Data for this task START

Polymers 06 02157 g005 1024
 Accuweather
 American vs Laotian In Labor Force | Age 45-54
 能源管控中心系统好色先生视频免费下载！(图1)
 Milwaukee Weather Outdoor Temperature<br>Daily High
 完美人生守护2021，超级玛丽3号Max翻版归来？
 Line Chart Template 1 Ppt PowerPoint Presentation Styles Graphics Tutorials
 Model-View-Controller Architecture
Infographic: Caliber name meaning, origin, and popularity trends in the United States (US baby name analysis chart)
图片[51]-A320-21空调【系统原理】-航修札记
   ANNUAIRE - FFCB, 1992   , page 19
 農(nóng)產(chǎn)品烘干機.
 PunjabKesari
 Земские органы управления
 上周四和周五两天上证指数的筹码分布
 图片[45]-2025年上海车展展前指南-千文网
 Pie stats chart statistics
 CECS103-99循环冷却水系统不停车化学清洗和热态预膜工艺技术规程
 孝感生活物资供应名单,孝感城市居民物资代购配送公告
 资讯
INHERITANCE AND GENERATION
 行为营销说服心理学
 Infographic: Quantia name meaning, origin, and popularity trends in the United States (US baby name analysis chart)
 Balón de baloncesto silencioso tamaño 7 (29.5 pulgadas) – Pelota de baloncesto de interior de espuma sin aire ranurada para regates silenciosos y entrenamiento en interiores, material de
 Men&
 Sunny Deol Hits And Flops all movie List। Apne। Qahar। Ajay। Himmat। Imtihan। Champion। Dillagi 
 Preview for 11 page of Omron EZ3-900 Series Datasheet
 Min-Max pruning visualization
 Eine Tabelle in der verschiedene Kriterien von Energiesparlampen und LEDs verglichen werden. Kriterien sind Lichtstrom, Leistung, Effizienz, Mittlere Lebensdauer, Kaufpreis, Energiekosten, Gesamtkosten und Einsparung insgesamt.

Data for this task END

What the task asks
Could every entry be given again exactly, with no line skipped?

Result
Polymers 06 02157 g005 1024
 Accuweather
 American vs Laotian In Labor Force | Age 45-54
 能源管控中心系统好色先生视频免费下载！(图1)
 Milwaukee Weather Outdoor Temperature<br>Daily High
 完美人生守护2021，超级玛丽3号Max翻版归来？
 Line Chart Template 1 Ppt PowerPoint Presentation Styles Graphics Tutorials
 Model-View-Controller Architecture
Infographic: Caliber name meaning, origin, and popularity trends in the United States (US baby name analysis chart)
图片[51]-A320-21空调【系统原理】-航修札记
   ANNUAIRE - FFCB, 1992   , page 19
 農(nóng)產(chǎn)品烘干機.
 PunjabKesari
 Земские органы управления
 上周四和周五两天上证指数的筹码分布
 图片[45]-2025年上海车展展前指南-千文网
 Pie stats chart statistics
 CECS103-99循环冷却水系统不停车化学清洗和热态预膜工艺技术规程
 孝感生活物资供应名单,孝感城市居民物资代购配送公告
 资讯
INHERITANCE AND GENERATION
 行为营销说服心理学
 Infographic: Quantia name meaning, origin, and popularity trends in the United States (US baby name analysis chart)
 Balón de baloncesto silencioso tamaño 7 (29.5 pulgadas) – Pelota de baloncesto de interior de espuma sin aire ranurada para regates silenciosos y entrenamiento en interiores, material de
 Men&
 Sunny Deol Hits And Flops all movie List। Apne। Qahar। Ajay। Himmat। Imtihan। Champion। Dillagi 
 Preview for 11 page of Omron EZ3-900 Series Datasheet
 Min-Max pruning visualization
 Eine Tabelle in der verschiedene Kriterien von Energiesparlampen und LEDs verglichen werden. Kriterien sind Lichtstrom, Leistung, Effizienz, Mittlere Lebensdauer, Kaufpreis, Energiekosten, Gesamtkosten und Einsparung insgesamt.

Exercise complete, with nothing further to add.